*EXERCISE INSTRUCTIONS:* Repeat, word for word and with nothing added, each line from the one containing "Inmet emite 2 alertas para o RS" to the final line of the data, keeping both ends. Pictures are not part of the copy.
[SUPPLIED MATERIAL]
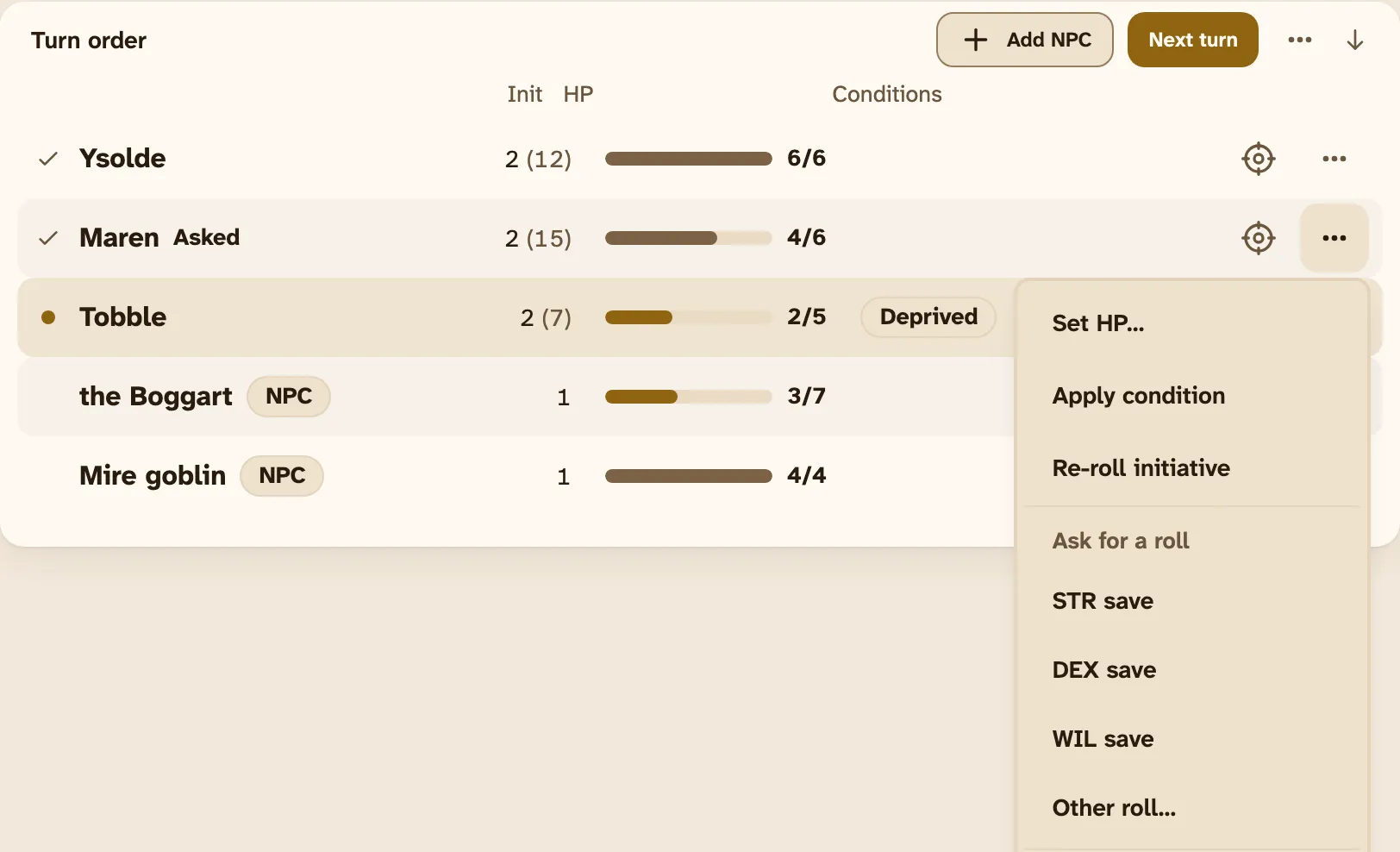 The ⋯ menu on Maren's row in Turn order, open on Ask for a roll: STR save, DEX save, WIL save and Other roll….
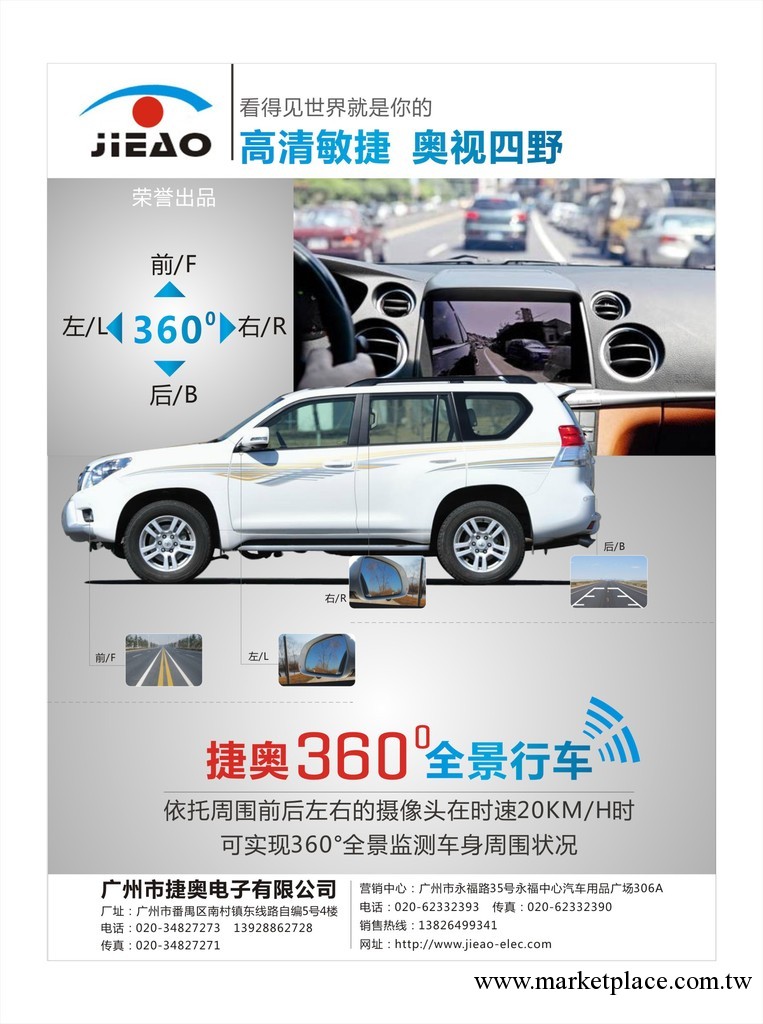 360度全車全景可視泊車輔助系統 帶4路行車記錄監控系統全景攝像工廠,批發,進口,代購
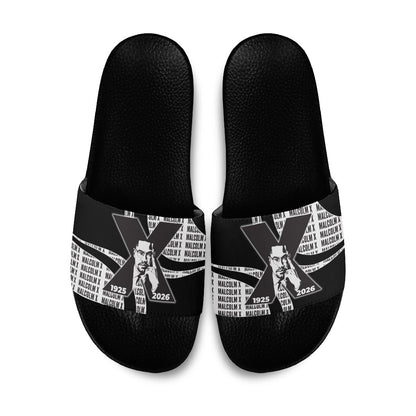 Malcolm X Legacy 1925-2026 Slide Sandals African American Heritage - Iconic Portrait Silhouette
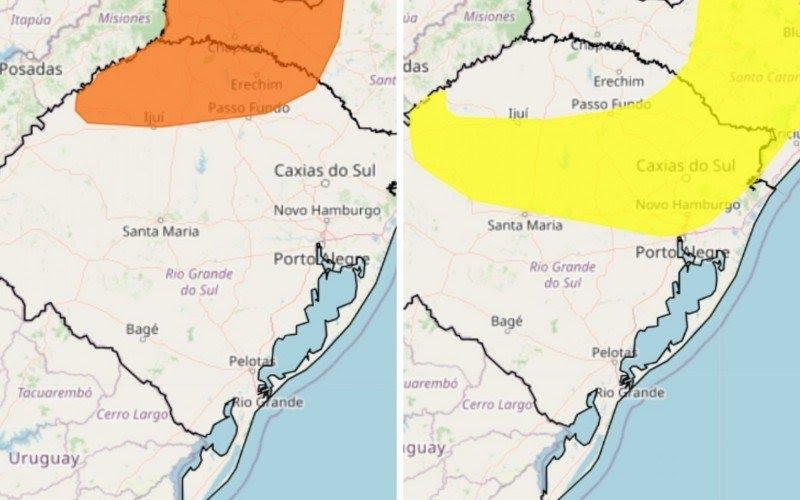 Inmet emite 2 alertas para o RS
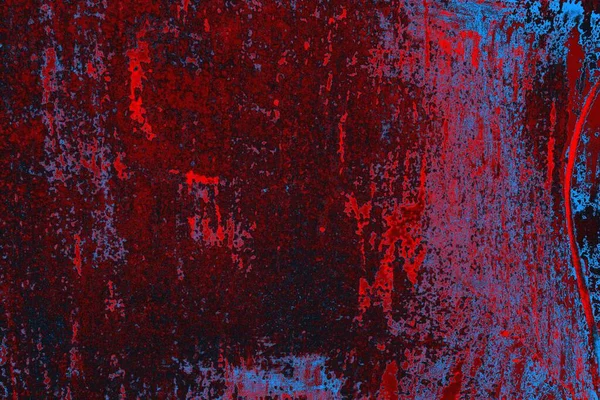 Kırmızı ve mavi renkli grungy duvar, desenli arka plan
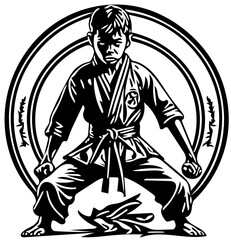 Karate kid emblem logo in black and white, vector illustration of a martial artist 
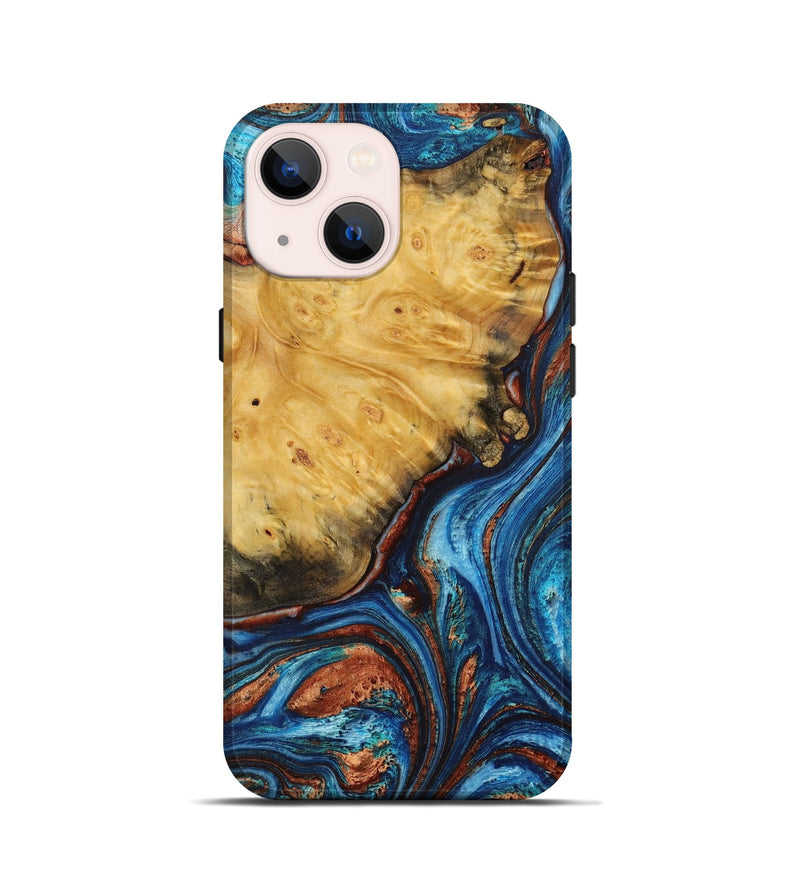iPhone 13 mini Wood+Resin Live Edge Phone Case - Ryleigh (Teal & Gold, 655056)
[/SUPPLIED MATERIAL]
*SOLUTION FOR THIS EXERCISE:*
 Inmet emite 2 alertas para o RS
 Kırmızı ve mavi renkli grungy duvar, desenli arka plan
 Karate kid emblem logo in black and white, vector illustration of a martial artist 
iPhone 13 mini Wood+Resin Live Edge Phone Case - Ryleigh (Teal & Gold, 655056)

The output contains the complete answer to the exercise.